▶ [WORK ORDER] Print out each entry without alteration, and keep the pictures out.

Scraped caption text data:
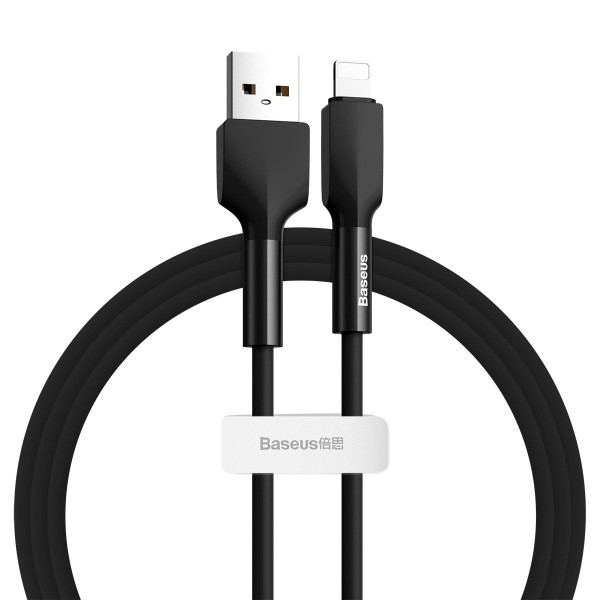 Фото - Кабель Baseus Silica Gel USB-Lightning 2.4A 1m Black (CALGJ-01)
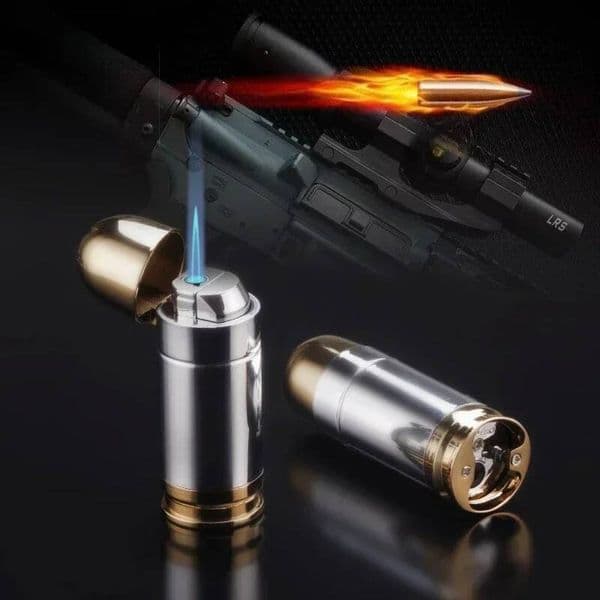 Creative Flashlight Lighter Metal Bullet Shaped Butane Windproof Lighters Men's Cigarette Cigar Carry Beer Bottle Opener Gadget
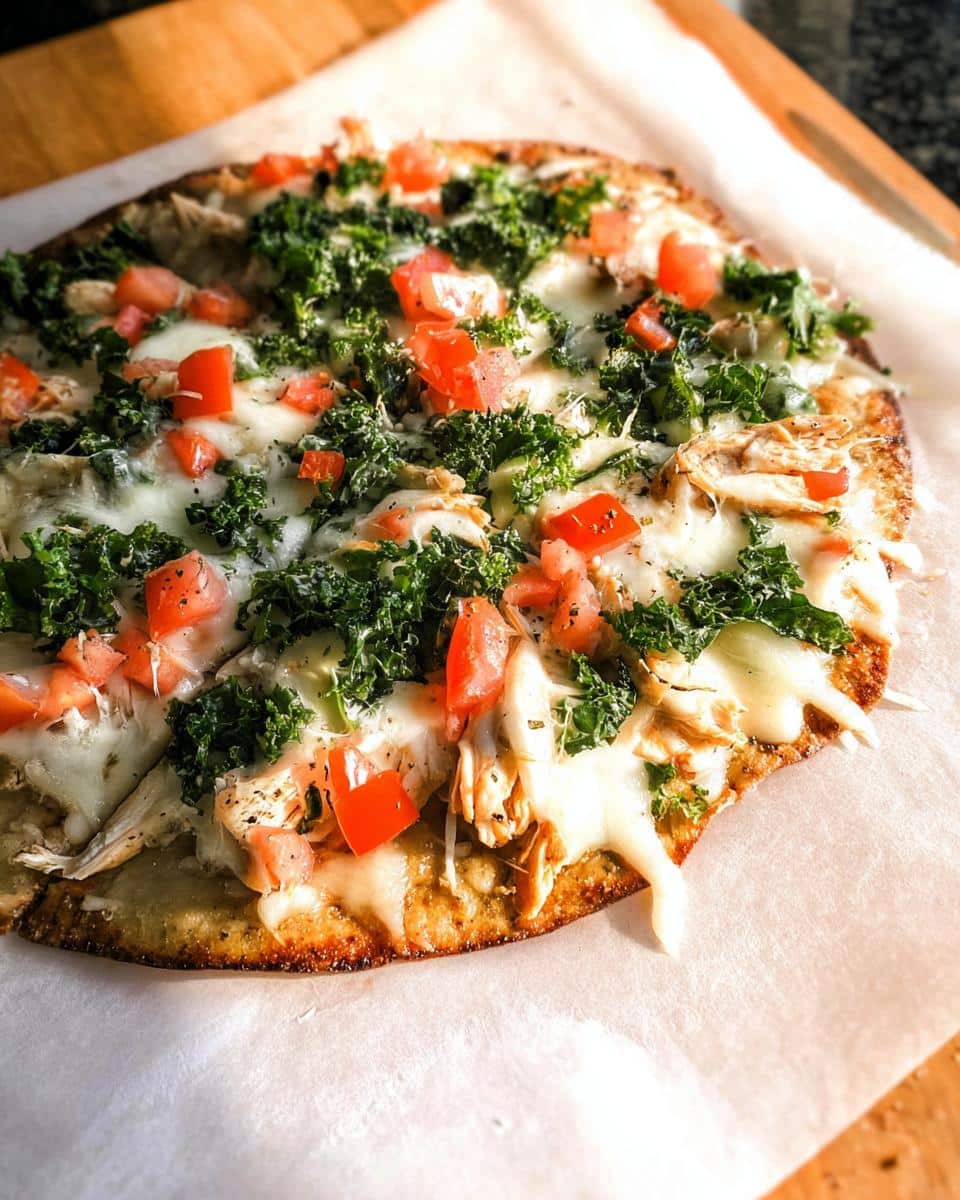 Close-up of a Quick Chicken Flatbread Dinner topped with melted cheese, shredded chicken, diced tomatoes, and kale.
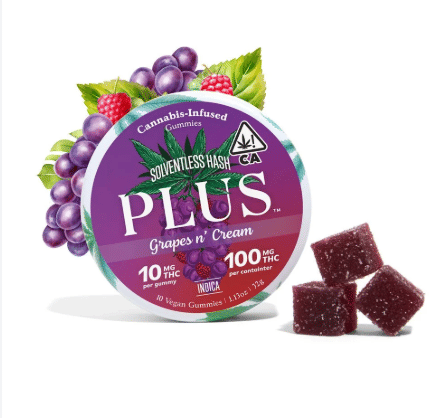 10mg Indica Grapes and Cream 10pk Gummies - Plus -  - $21.65 - Edibles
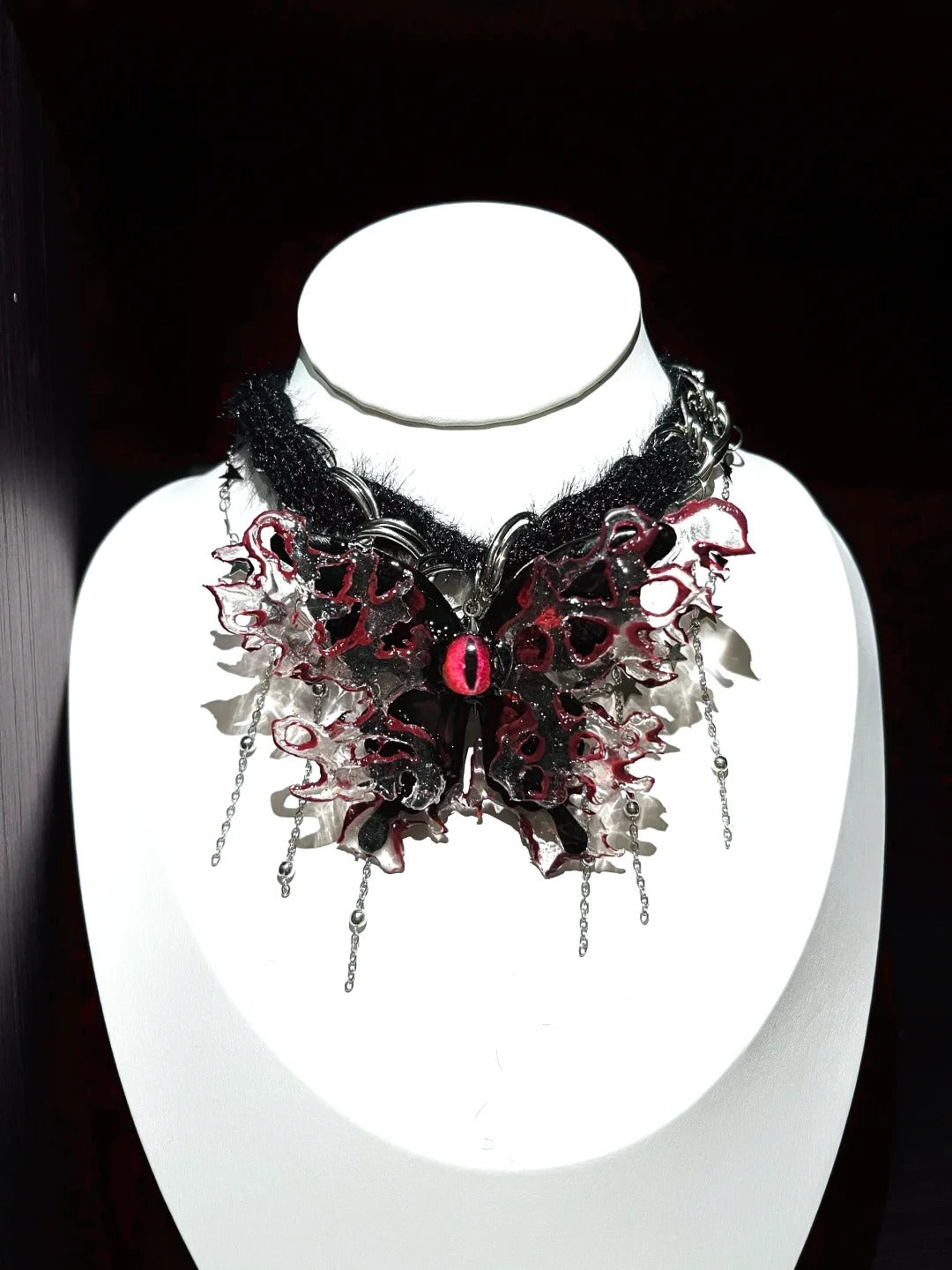 Authentic Butterfly Specimen Necklace - Dark Gothic Handcrafted Jewelry Butterfly Choker Necklace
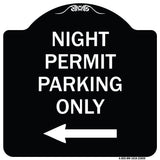 Night Permit Parking Only (With Left Arrow)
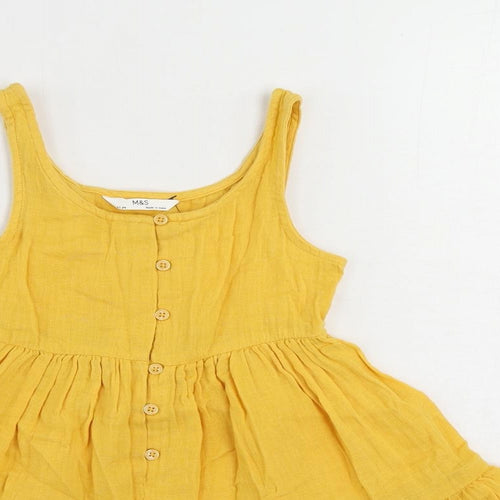 Marks and Spencer Girls Yellow Cotton Tank Dress Size 6-7 Years Scoop Neck Button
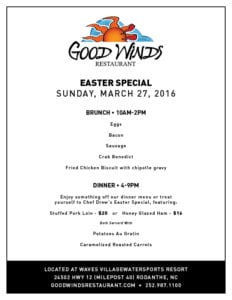 Good Winds Restaurant - Easter 2016 Menu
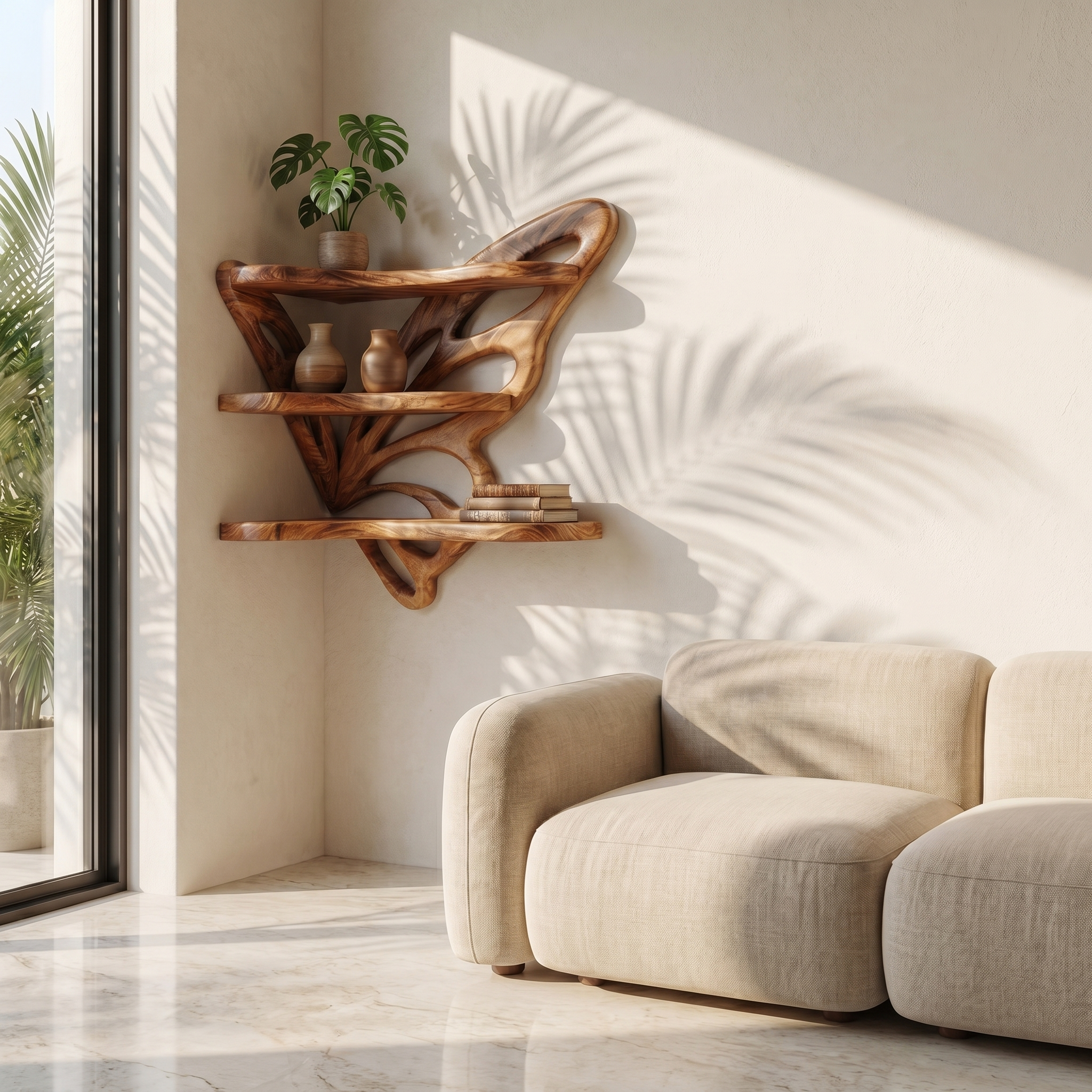 Rustic Butterfly Floating Shelf With Natural Live Edge Wood Design For Living Room SINLSAFL543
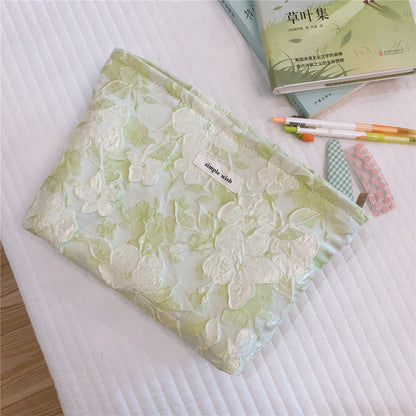 Elegant Large Flower Embossed Cosmetic Bag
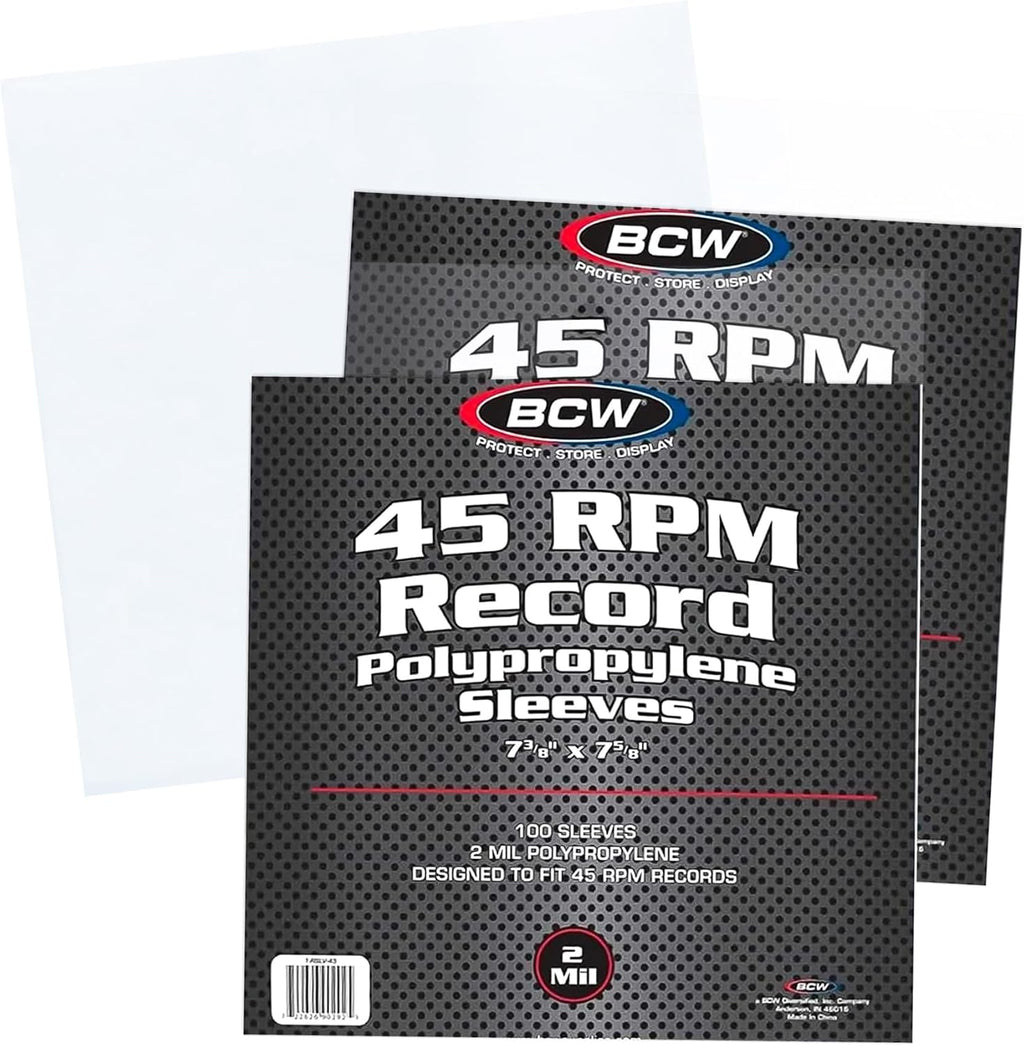 BCW 45 RPM Record Sleeves - 200 Count | Fits Standard 7 Inch Single 45s | Snug-Fit 2 Mil Polypropylene Outer Sleeves | Archival Plastic Covers for Vinyl Record Storage and Protection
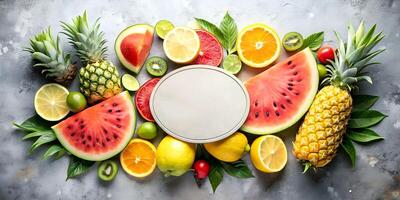 Vibrant Selection of Fresh Tropical Fruits with Empty Label for Customization and Presentation Uses photo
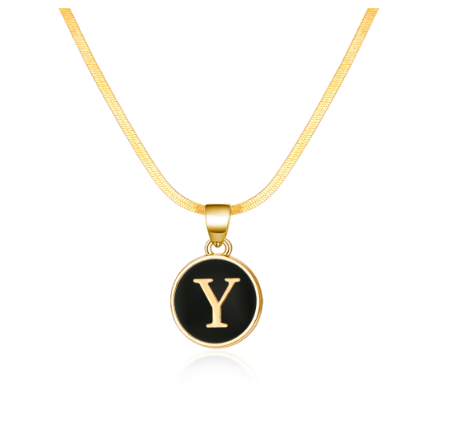 26 Letter Pendant 18K Gold Snake Chain Necklace Classic Fashion Suitable for Men and Women Letter Necklace Jewelry Wholesale Y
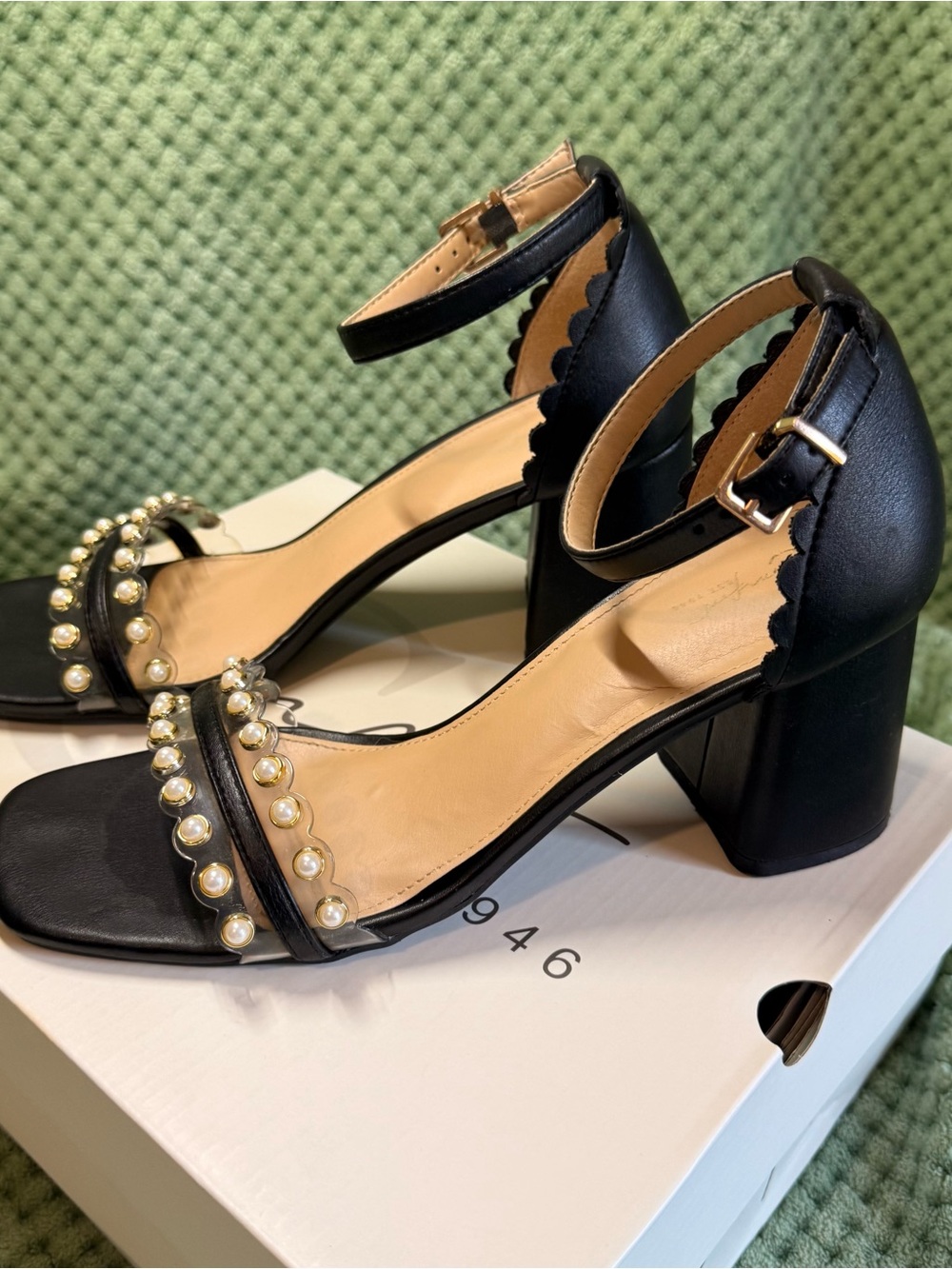Cato Black Ankle-Strap Block Heels with Pearl Accent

▶ [RESPONSE BOX]
 Фото - Кабель Baseus Silica Gel USB-Lightning 2.4A 1m Black (CALGJ-01)
 Creative Flashlight Lighter Metal Bullet Shaped Butane Windproof Lighters Men's Cigarette Cigar Carry Beer Bottle Opener Gadget
 Close-up of a Quick Chicken Flatbread Dinner topped with melted cheese, shredded chicken, diced tomatoes, and kale.
 10mg Indica Grapes and Cream 10pk Gummies - Plus -  - $21.65 - Edibles
 Authentic Butterfly Specimen Necklace - Dark Gothic Handcrafted Jewelry Butterfly Choker Necklace
 Night Permit Parking Only (With Left Arrow)
 Marks and Spencer Girls Yellow Cotton Tank Dress Size 6-7 Years Scoop Neck Button
 Good Winds Restaurant - Easter 2016 Menu
 Rustic Butterfly Floating Shelf With Natural Live Edge Wood Design For Living Room SINLSAFL543
 Elegant Large Flower Embossed Cosmetic Bag
 BCW 45 RPM Record Sleeves - 200 Count | Fits Standard 7 Inch Single 45s | Snug-Fit 2 Mil Polypropylene Outer Sleeves | Archival Plastic Covers for Vinyl Record Storage and Protection
 Vibrant Selection of Fresh Tropical Fruits with Empty Label for Customization and Presentation Uses photo
 26 Letter Pendant 18K Gold Snake Chain Necklace Classic Fashion Suitable for Men and Women Letter Necklace Jewelry Wholesale Y
Cato Black Ankle-Strap Block Heels with Pearl Accent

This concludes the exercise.